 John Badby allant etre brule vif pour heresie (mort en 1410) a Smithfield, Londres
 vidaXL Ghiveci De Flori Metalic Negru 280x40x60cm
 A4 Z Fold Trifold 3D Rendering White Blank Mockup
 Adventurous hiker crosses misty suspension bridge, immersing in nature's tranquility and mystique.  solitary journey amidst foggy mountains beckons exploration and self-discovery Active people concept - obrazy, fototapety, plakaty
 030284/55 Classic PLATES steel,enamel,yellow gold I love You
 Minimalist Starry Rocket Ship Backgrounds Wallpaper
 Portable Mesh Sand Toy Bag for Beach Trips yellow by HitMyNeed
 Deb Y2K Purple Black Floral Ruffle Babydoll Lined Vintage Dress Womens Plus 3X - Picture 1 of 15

---

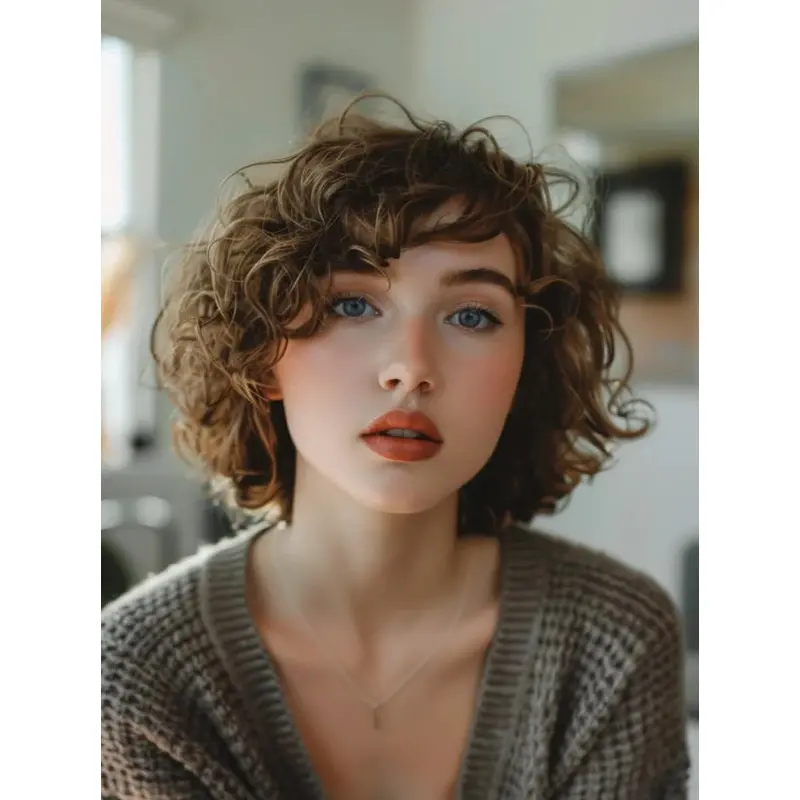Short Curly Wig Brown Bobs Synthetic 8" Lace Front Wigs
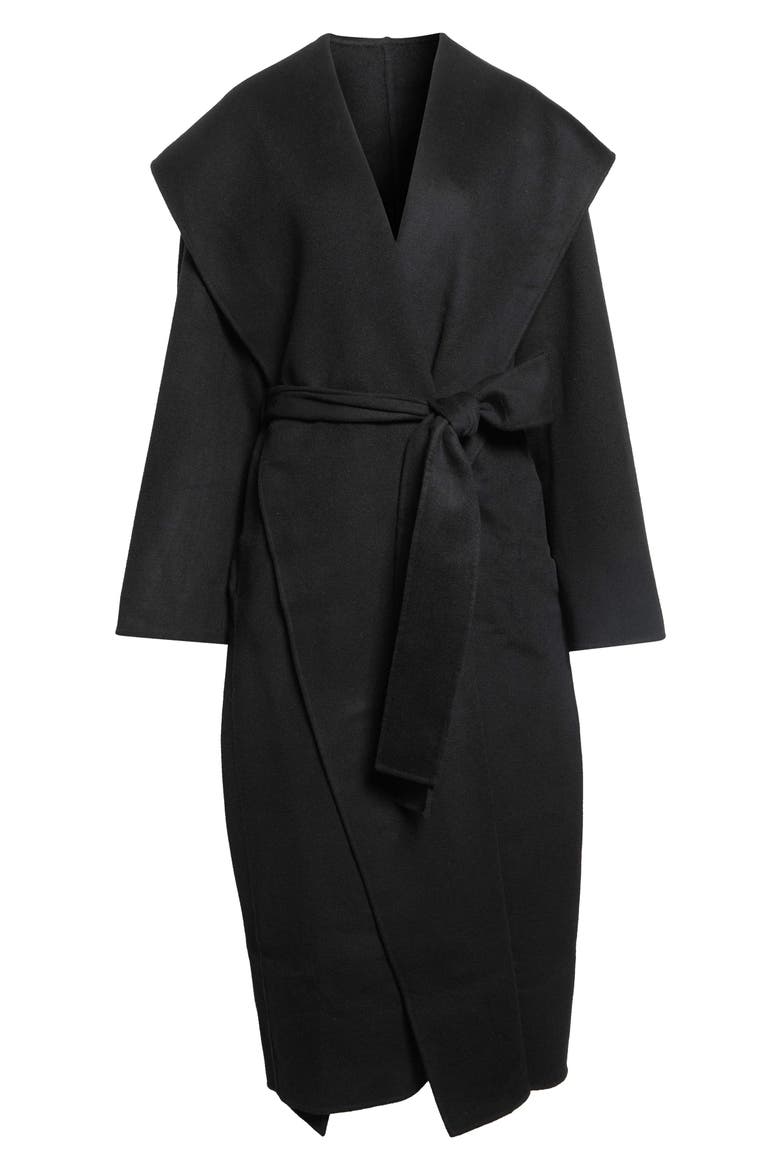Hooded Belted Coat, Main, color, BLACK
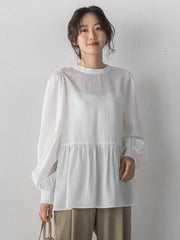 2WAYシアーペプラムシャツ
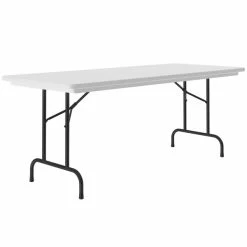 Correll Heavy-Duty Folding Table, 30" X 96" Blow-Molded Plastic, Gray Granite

**What you need to do**. Where a line of the records includes "yellow", copy it.

**Response below**.
 030284/55 Classic PLATES steel,enamel,yellow gold I love You
 Portable Mesh Sand Toy Bag for Beach Trips yellow by HitMyNeed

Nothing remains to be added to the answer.